The basic principles are very simple. On a cooler Earth the temperature gradient from the tropics to the Arctic Circle is steeper.
![FS_km5000.sm[1]](http://wattsupwiththat.files.wordpress.com/2013/06/fs_km5000-sm1.jpg?resize=600%2C315&quality=83)
This increased gradient creates instability and the jet stream swings further North and South as opposed to its more West – East path during warmer periods. According to the season, blocking highs may develop with colder, drier, air penetrating further South and warm moist air reaching further North. There can be enormous temperature and humidity contrasts in the narrow boundary between these masses as warm air is sucked in from the Gulf. Conditions along such a boundary are ideal for developing the wind shear necessary for the tornado swarm development seen recently in Oklahoma.
The blocking highs also push hurricanes to the east so that hurricanes like Sandy are more likely to occur.

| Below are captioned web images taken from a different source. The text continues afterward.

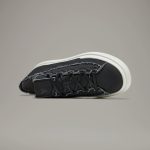 adidas-nizza-lo ID1463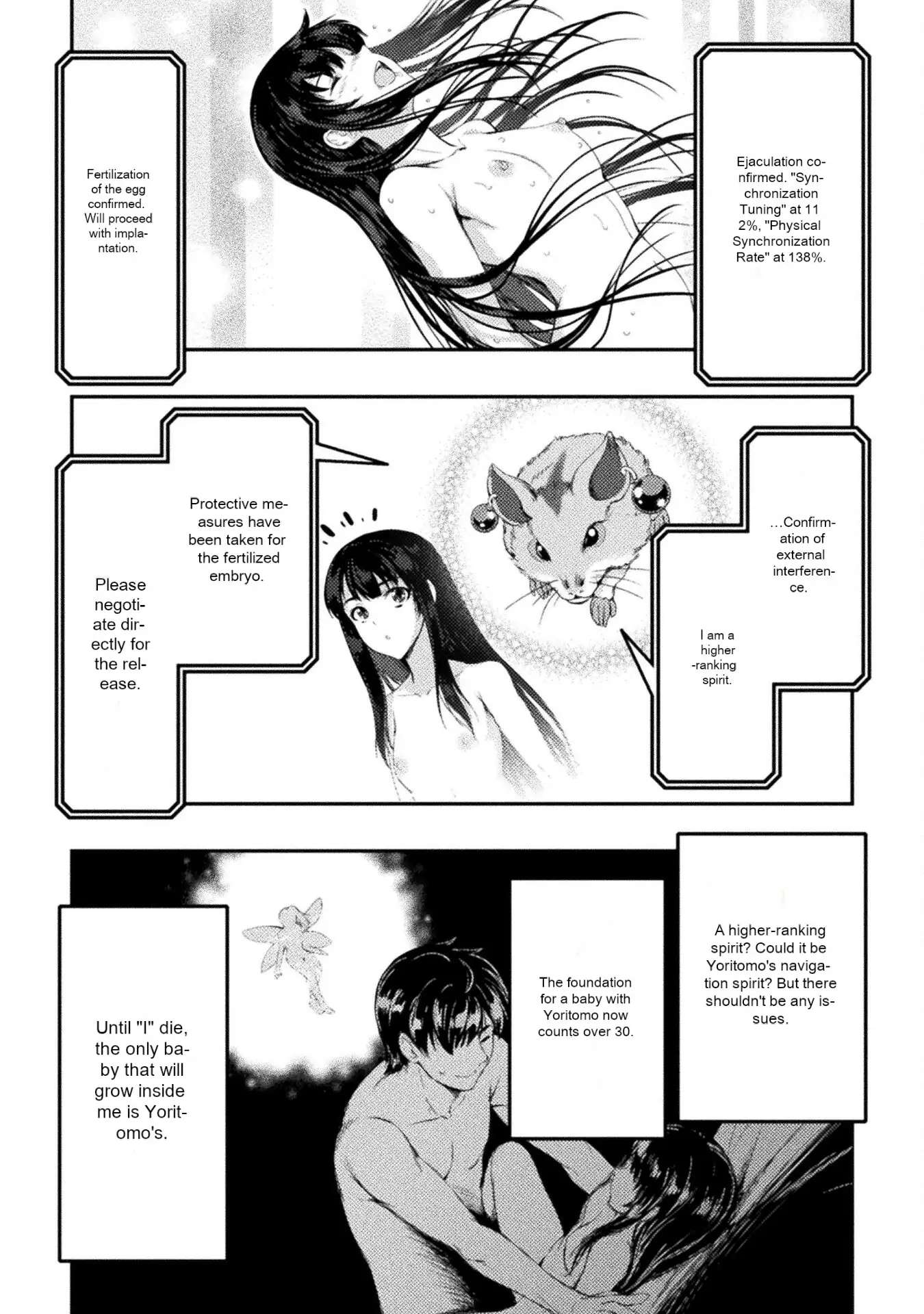 Page 22 of Chapter 11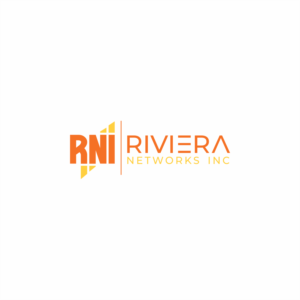 Logo Design by Creative™ for Riviera Networks Inc | Design: #24073800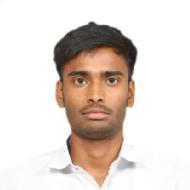 Gulshan Sinha Class I-V Tuition trainer in Naili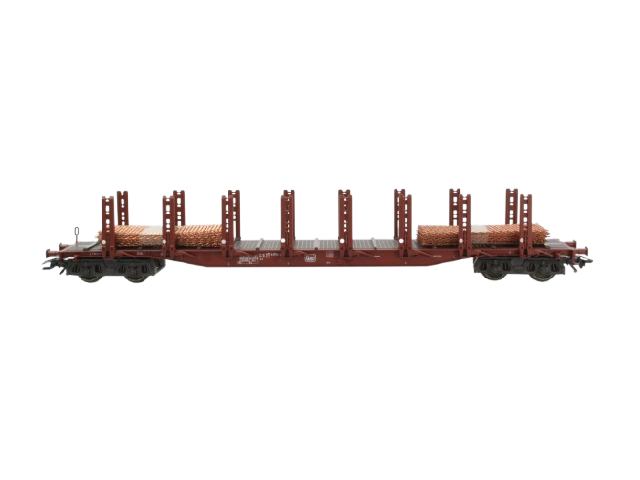 Märklin wagon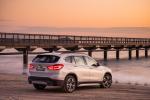 BMW X1 xDrive25Li Sport Line 2016 года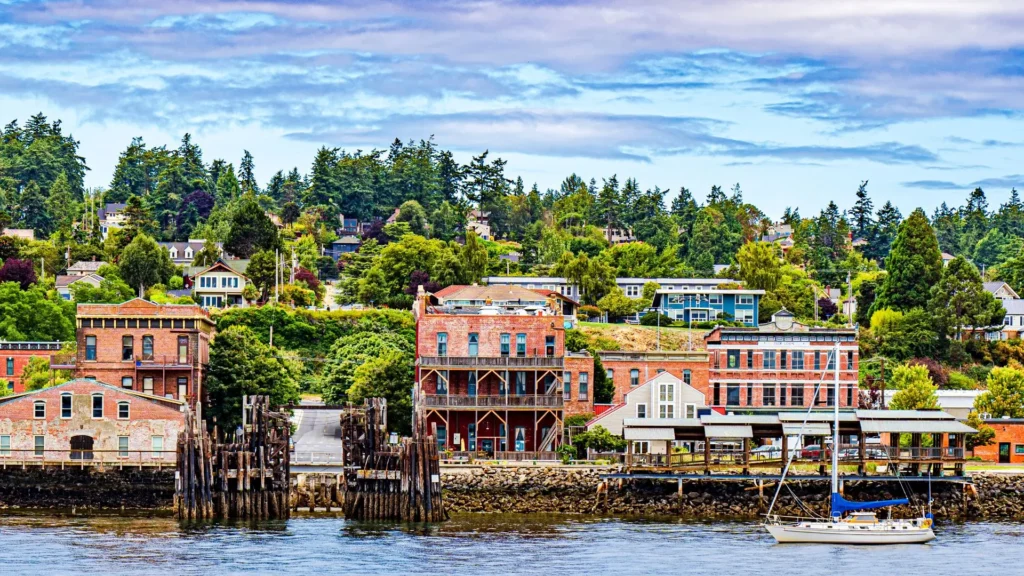 Port-Townsend-Washington-Relocation-Guide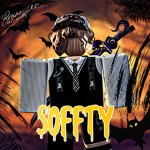 Soffty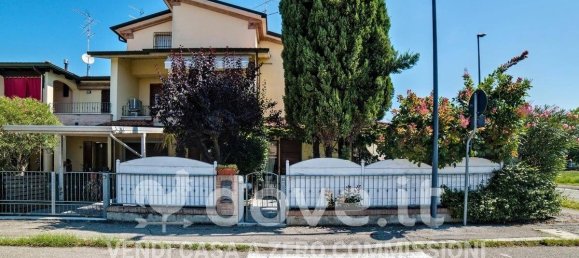 2 Schlafzimmer Villa in Ravenna, Italy, Nr. 286953 27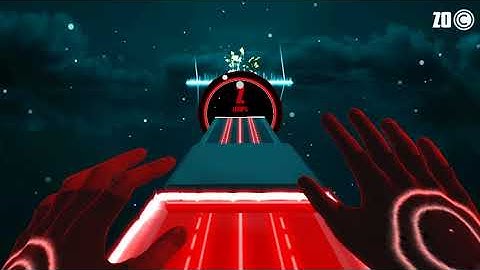 50 Loops ( Casual Games ) | Best Android Games 2017 | Android Gameplay - HD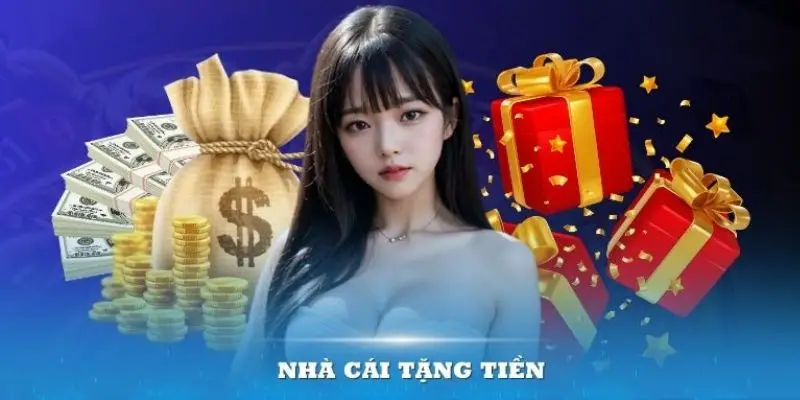 Khuyến Mãi YSB66 – Cơ Hội Vàng Trải Nghiệm Cá Cược Miễn Phí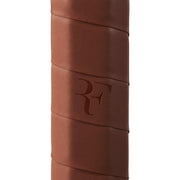 RF 01 Future Tennis Racket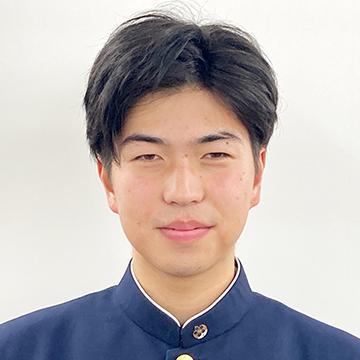 Y・Oさん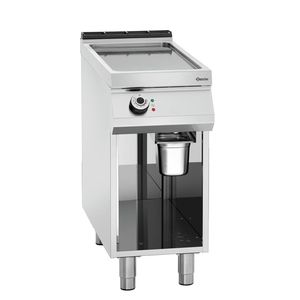 <b>Electric</b> Smooth OU Plate <b>Griddle</b> <b>Electric</b> Grills & <b>Griddles</b> Product Category - Product Image 1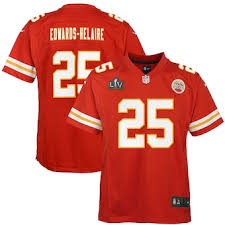 Women's majestic black kansas city chiefs plus size team logo long sleeve t. Official Kansas City Chiefs Jerseys Chiefs Jersey Uniforms Nfl Shop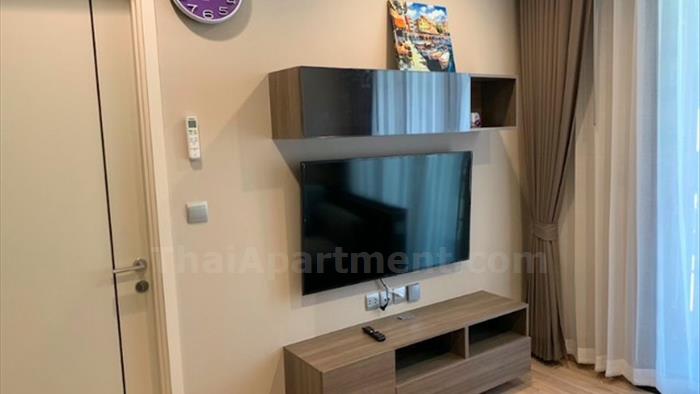 คอนโด-ให้เช่า-เดอะ-ไลน์-พหลฯ-ประดิพัทธ์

Note that Sandy was not a powerful Hurricane in fact it came ashore as a tropical storm. The big storm surge was the result of its long path over open water while a real cooling signal was seen in the development of blizzard conditions in the NW quadrant. This classic weather pattern is shown for today 6/02/13 in Figs 1 and 2 and occurs more often during a cooling phase of the PDO and is often triggered by an E Pacific La Nina cooling, as seen in the 6/01/13 SST anomaly map Fig 3 (h/t to The Weather Channel).
It is worth noting that the pattern seen in Fig 1 is also ideal for steering any Atlantic Hurricane which develops this season in a Sandy type direction.
Fig1
Fig2
Fig3
By contrast on a warmer world tropical SSTs are higher EL Ninos more common and more powerful category 4 and 5 hurricanes e.g. Katrina and Gilbert can develop. Their path is more E-W so that they more frequently hit the Gulf Coast or even Central America.
More generally, a cooling earth is a drier earth because the winds pick up less water vapor from the cooler oceans. In the USA the cool waters off the West Coast (Fig3) will lead to more generalized droughts in the Center, West and SW and when combined with more frequent late and early frosts and snows food crop production will be threatened. What rains do come will paradoxically come from storms leading to flash flooding further restricting food production. In California itself the south will be dryer with more forest fires while in the North more of the rains will come as snow so that increasing snow pack will ameliorate the overall dryer conditions.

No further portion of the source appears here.